• ADASS and Interop

    ADASS group photo

    ADASS XXIX is a big conference with lots of attendants. I've taken the liberty of scaling the photo so you really won't recognise me (though I am on the photo). Note that, regrettably, the interop will be a lot smaller.

    The people that create the Virtual Observatory standards, organised in the IVOA, meet twice a year: Once in spring for a five-day meeting (this year it happened in Paris), and once in autumn for a three-day meeting back-to-back to ADASS, the venerable (this year it's the 29th installment) meeting of people dealing with astronomy and computers.

    We're now on day three of ADASS, and for me, so far this has been more or an endless hackathon, with discussing and hacking on things like mirrors for DFBS, ADQL 2.1, the evolution of IVOA vocabularies (more on this soon somewhere around here), a vocabulary of object types, getting LAMOST 5 published properly in the VO, the measurements data model, convincing more registries to push out space-time coverage for their resources (I'm showing a poster on that), and a lot more.

    So, getting to actually listen to talks during ADASS almost is something of a luxury, and a mind-widening at that – I've just listend to a talk about effectively doubling the precision of VLBI geodesy (in this case, measuring the location of radio telescopes to a few millimeters) by a piece of clever software, and before that I could learn a bit about how complex it is to figure out how much interference something emitting radio waves will cause in some other place on earth (like, well, a radio telescope). In case you're curious: A bit more than a year from now, short papers on the topics will appear in the proceedings of ADASS XXIX, which in turn you'll find in the ADASS proceedings collections (or on arXiv before that).
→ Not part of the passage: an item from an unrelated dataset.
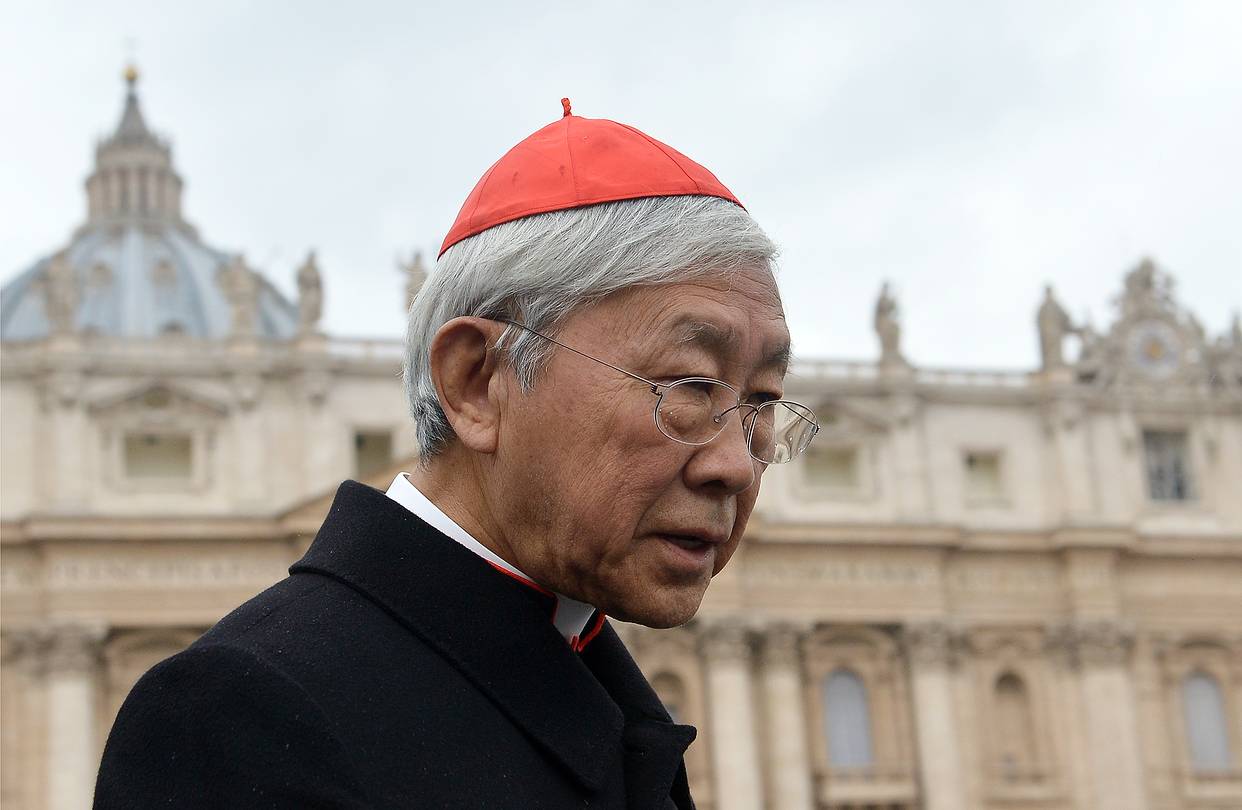 Cardinal Joseph Zen, the most senior Chinese cleric in the Catholic Church.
    Given the experience of the last few days, I doubt I'll do anything like the live blog from Paris linked above. I still can't resist mentioning that at ADASS, I'm having a poster that's little more than an ad blitz for STC in the registry.

    Update (2019-10-13): Well, one week later I'm sitting in the closing session of the Interop, and I've even already given my summary of Semantics activities during the interop. Other topics I've talked about at this interop include interoperable authentication (I'm really interested in this because I'd like to enable persistent TAP uploads, where your uploaded tables are still there for you when you come back), a minor update to SimpleDALRegExt (which is overall rather technical and you probably don't want to look at), on the takeup of new Registry tech (which might come over as somewhat sad, but considering that you have to pull along many people to have changes in “the” Registry, it's not so bad at all), and on, as Mark Taylor called it, operational identification of server software (which I consider entertaining in its somewhat erratic narrative).

    And now, after 7 days of essential nonstop discussion and brainstorming, I'm longing to slump into a chair on the train back to Heidelberg and just enjoy the landscape rolling by.

  • GAVO at AG-Tagung Stuttgart

    towel with astro photo

    Our puzzler prize this year: a Photo of the seahorse in the LMC, taken during Hubble's 100000th orbit around the earth, on a fluffy towel.

    It's time again for the meeting of the Astronomische Gesellschaft (as 2017 in Göttingen; last year we had the IAU general assembly instead). We're there with a booth (right next to the exhibition on 100 years of IAU) and a splinter meeting, at which I'll have a sales pitch for cross-server uploads.

    And, of course, there's a puzzler again: you could win a beautiful towel if you solve a little VO-related problem. This year's puzzler is about where in the sky you'll see “nebulae” (in the classic sense defined by NGC) batched together most closely. If you've been following this blog for a while, it shouldn't be too hard, but to participate you'd have to find someone in Stuttgart to hand in your solution.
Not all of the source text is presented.